Patagonia Powder Bowl Pants ReviewMarch 5, 2012
- Waterproof and breathable.
- Articulated knees provide for ample movement.
- Well-sealed zippers.
- Durable scuff guards.
- Two-snap waist closure easily pops open.
- Stiff material does not reshape well in tight spots (such as the seat).
- Doesn’t keep warm on cold days without constant movement.
- No roomy pockets for gear extras.
These well-built, waterproof shell pants are best suited for backcountry touring, spring conditions, and skiers who prefer minimal weight, though the lack of insulation will make them are less ideal choice for cold, mid-winter, resort conditions, especially for skiers and snowboarders who get cold easily.
A Gore-Tex shell ski/snowboard pant designed for both backcountry touring and resort riding.
These shell pants are lined with Gore-Tex (which will seal out the wind and wet), but there is no insulation, making them best-suited for warm days, uphill traffic, and skiers who don’t mind shivering a bit when the temperature really plummets (or just double-up on the base layers.).

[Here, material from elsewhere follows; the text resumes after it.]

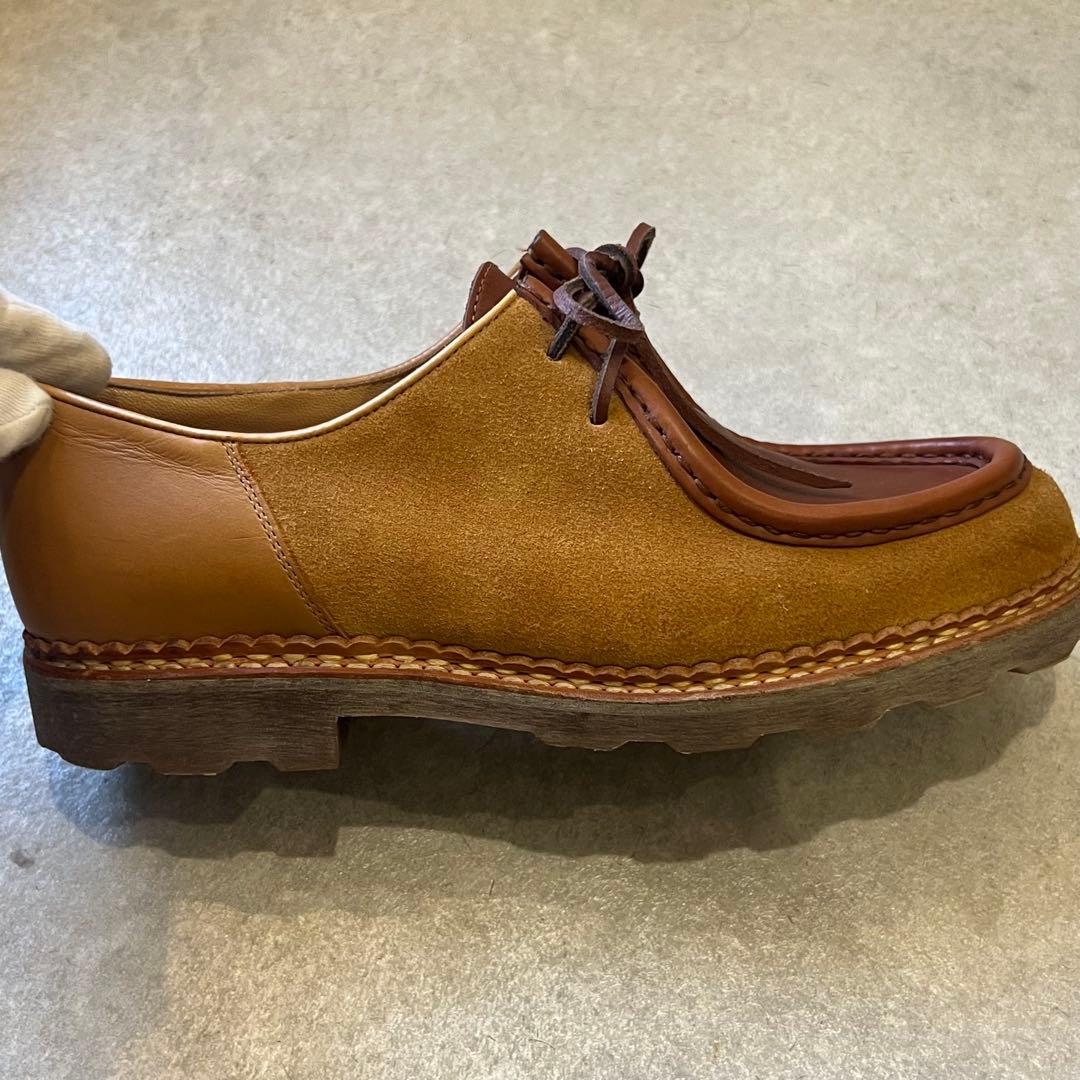 【美品】　27cm PARABOOT ×YMC MICHAEL パラブーツ　42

During the three weeks that I was testing the Patagonia Powder Bowl pants, temperatures ranged from the single digits to the 30s, and I never got too cold because I kept moving while on the hill and had gondola rides to warm up. However, I always felt the cold—while skiing, while sitting on chairlifts, and while resting.

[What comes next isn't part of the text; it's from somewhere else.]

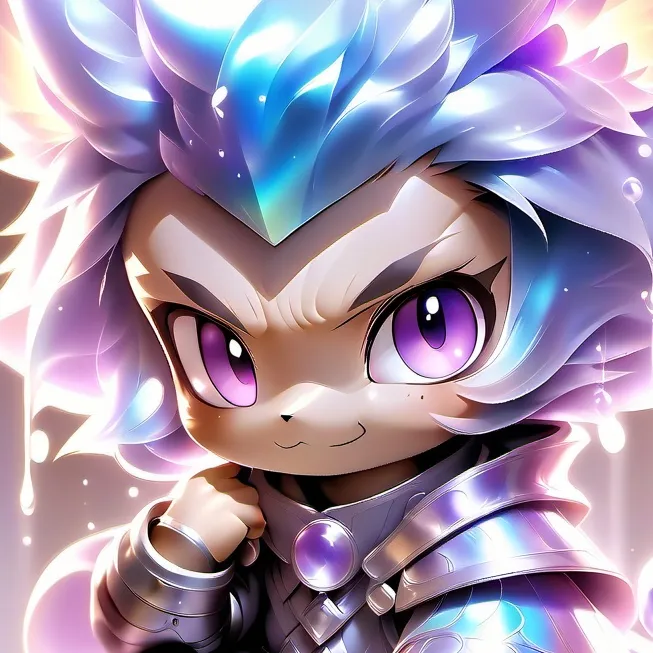 chat with ai character: Sonic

The Gore-Tex material performed as expected—completely waterproof in wet-snow conditions and windproof while moisture to escape. Gore-Tex’s reputation as an outdoor waterproof-breathable material speaks for itself; Patagonia recently partnered with the brand after vetting Gore-Tex’s environmental practices. Gore-Tex is now Bluesign certified for its fabric supply, which is a nice an environmental badge of honor.
The main drawback I found on these pants was the double-snap waist closure, which popped open nearly every time I bent over to buckle my boots and a few times while skiing with deep leg articulation. That was a little surprising. A simple strong Velcro, or a hook-and-loop closure, would easily solve this problem.
In every other aspect, the pants performed well while skinning uphill and while downhill skiing. They have excellent knee articulation on an otherwise regular-fitting pants, but they don’t bulge or look awkward at the knees. The external thigh vents open the pant completely (no mesh holding the material together inside), providing relief on a warm day or sweaty uphill. The zippers are well sealed and have easy-to-grab tabs to quickly pull open and close. And the bottom cuffs are solidly reinforced to prevent scuffing and fraying. The material is a little stiff—for example, it doesn’t reshape well in tight spots (such as the seat)—but there’s no restriction of movement.
While the pockets are fine for credit cards and a goggle bag, you’d be hard-pressed to stuff your hat or gloves in there during a sweaty uphill. (I prefer having one roomy pocket in my backcountry pants so that everything doesn’t have to go in my jacket).